Exercise description:
Find, in the records below, the line that contains "Vertical shot of" and the line that contains "Coastal landscape with". Copy those two lines and everything between them exactly, but not the pictures.

Material supplied:
--------------------------------------------------

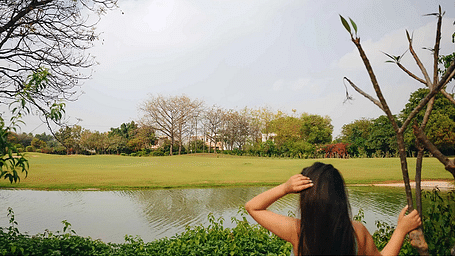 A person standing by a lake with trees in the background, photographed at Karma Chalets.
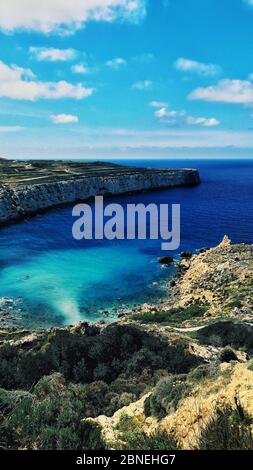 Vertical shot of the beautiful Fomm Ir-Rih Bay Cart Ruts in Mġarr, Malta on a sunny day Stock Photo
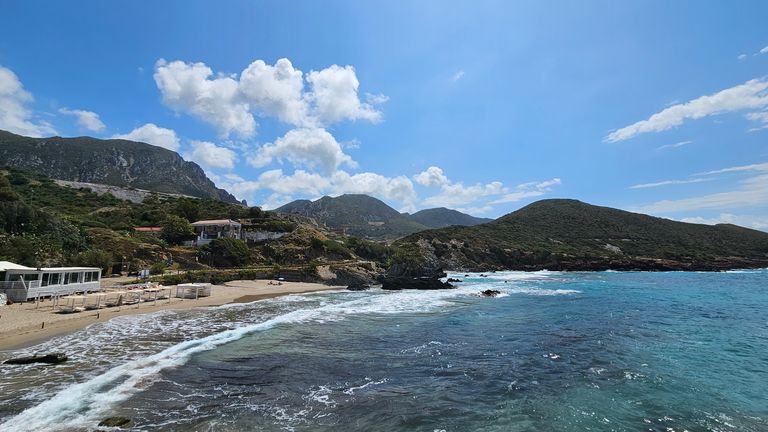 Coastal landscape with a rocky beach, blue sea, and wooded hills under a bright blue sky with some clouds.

--------------------------------------------------

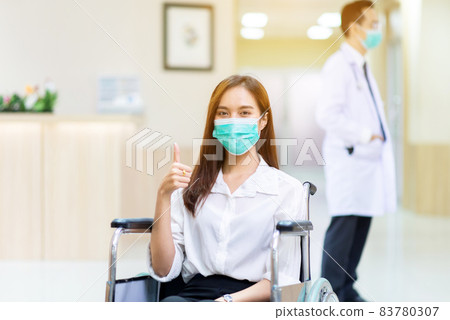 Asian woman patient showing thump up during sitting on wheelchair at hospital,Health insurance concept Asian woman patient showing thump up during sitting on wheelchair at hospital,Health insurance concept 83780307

--------------------------------------------------

Answer to this task:
 Vertical shot of the beautiful Fomm Ir-Rih Bay Cart Ruts in Mġarr, Malta on a sunny day Stock Photo
 Coastal landscape with a rocky beach, blue sea, and wooded hills under a bright blue sky with some clouds.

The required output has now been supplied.